Dynamic Spatial Treatment Effects and Network Fragility: Theory and Evidence from the 2008 Financial Crisis
By: Tatsuru Kikuchi
Potential Business Impact:
Makes banks safer by understanding how they're linked.
The 2008 financial crisis exposed fundamental vulnerabilities in interconnected banking systems, yet existing frameworks fail to integrate spatial propagation with network contagion mechanisms. This paper develops a unified spatial-network framework to analyze systemic risk dynamics, revealing three critical findings that challenge conventional wisdom. First, banking consolidation paradoxically increased systemic fragility: while bank numbers declined 47.3% from 2007 to 2023, network fragility measured by algebraic connectivity rose 315.8%, demonstrating that interconnectedness intensity dominates institutional count. Second, financial contagion propagates globally with negligible spatial decay (boundary d* = 47,474 km), contrasting sharply with localized technology diffusion (d* = 69 km)--a scale difference of 688 times.

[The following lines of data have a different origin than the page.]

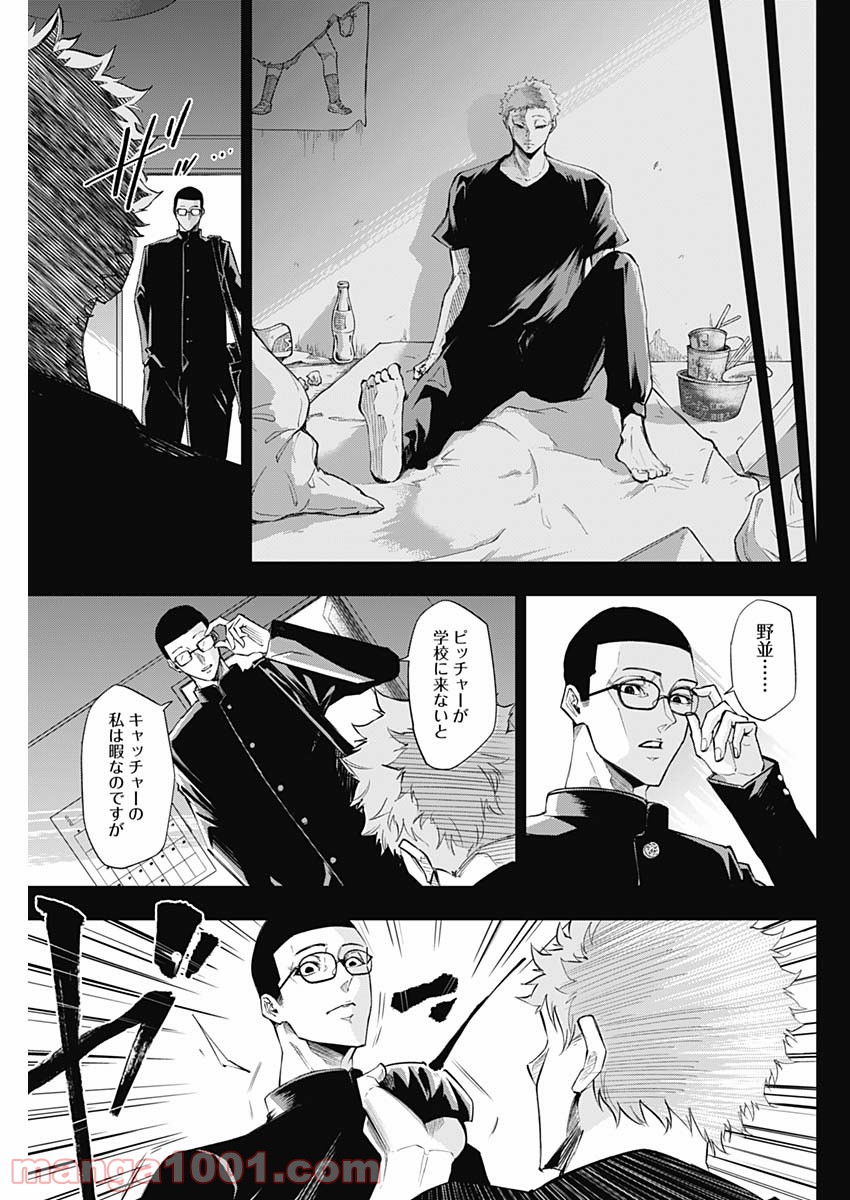 P56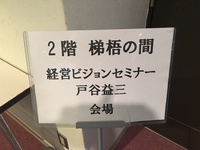 あば、サイガ人です❗️

… 2016/10/12 17:56:37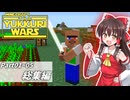 【minecraft】YUKKURIWARS ~パート01～05~【マイクラ】【ゆっくり実況】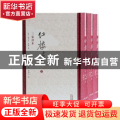 红楼梦(三家评本上中下)(精)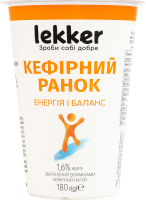 Напій кефірний 1.6% збагачений вітамінами Кефірний ранок Lekker ст 180г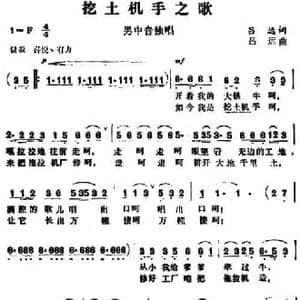 挖土机手之歌_民歌简谱_词曲:吕远 吕远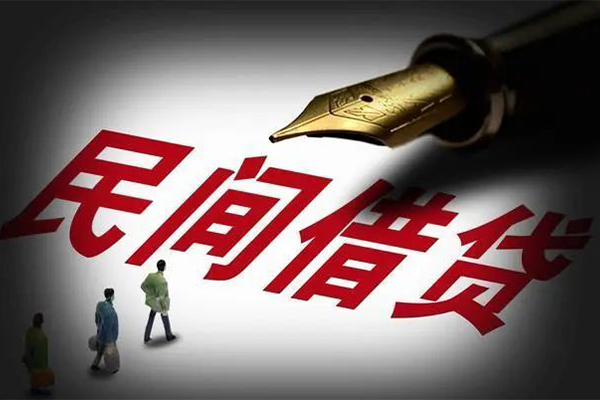 深圳南山区哪里可以借私借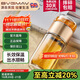 寶威瑪（BVGMAV）玻璃杯英國茶水分離雙層隔熱高硼硅 泡茶水杯子網(wǎng)紅禮物高檔定制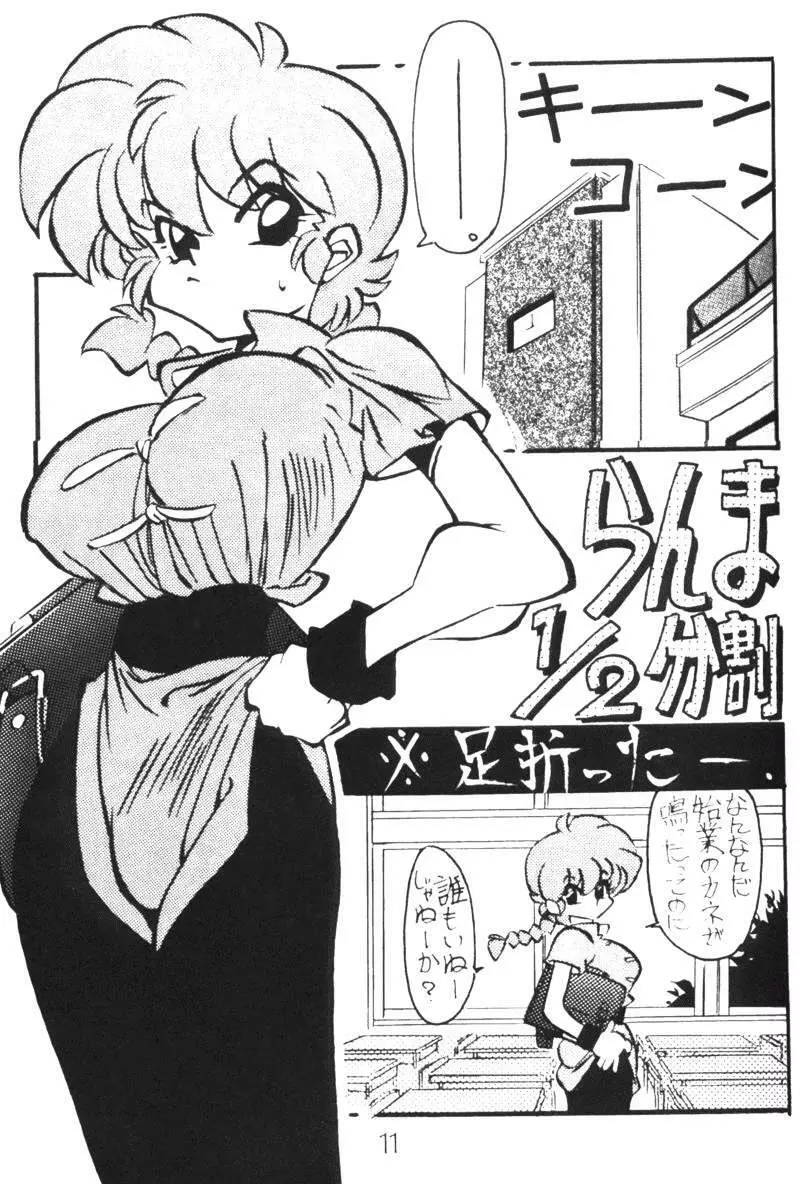 G-Girl Shock – A Ranma Doujin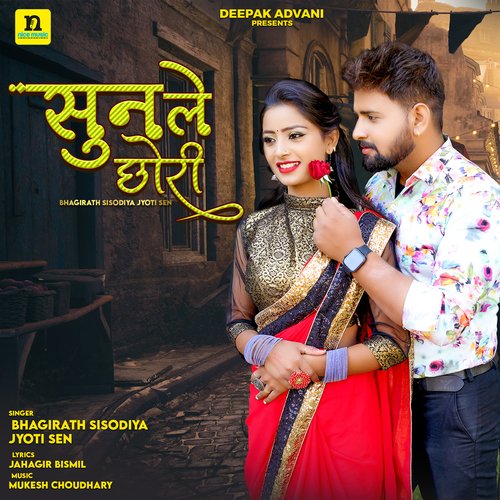 SUN LE CHORI Song By SUN LE CHORI Poster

Third, traditional difference-in-differences methods overestimate crisis impacts by 73.2% when ignoring network structure, producing severely biased policy assessments. Using bilateral exposure data from 156 institutions across 28 countries (2007-2023) and employing spectral analysis of network Laplacian operators combined with spatial difference-in-differences identification, we document that crisis effects amplified over time rather than dissipating, increasing fragility 68.4% above pre-crisis levels with persistent effects through 2023. The consolidation paradox exhibits near-perfect correlation (R = 0.97) between coupling strength and systemic vulnerability, validating theoretical predictions from continuous spatial dynamics. Policy simulations demonstrate network-targeted capital requirements achieve 11.3x amplification effects versus uniform regulations. These findings establish that accurate systemic risk assessment and macroprudential policy design require explicit incorporation of both spatial propagation and network topology.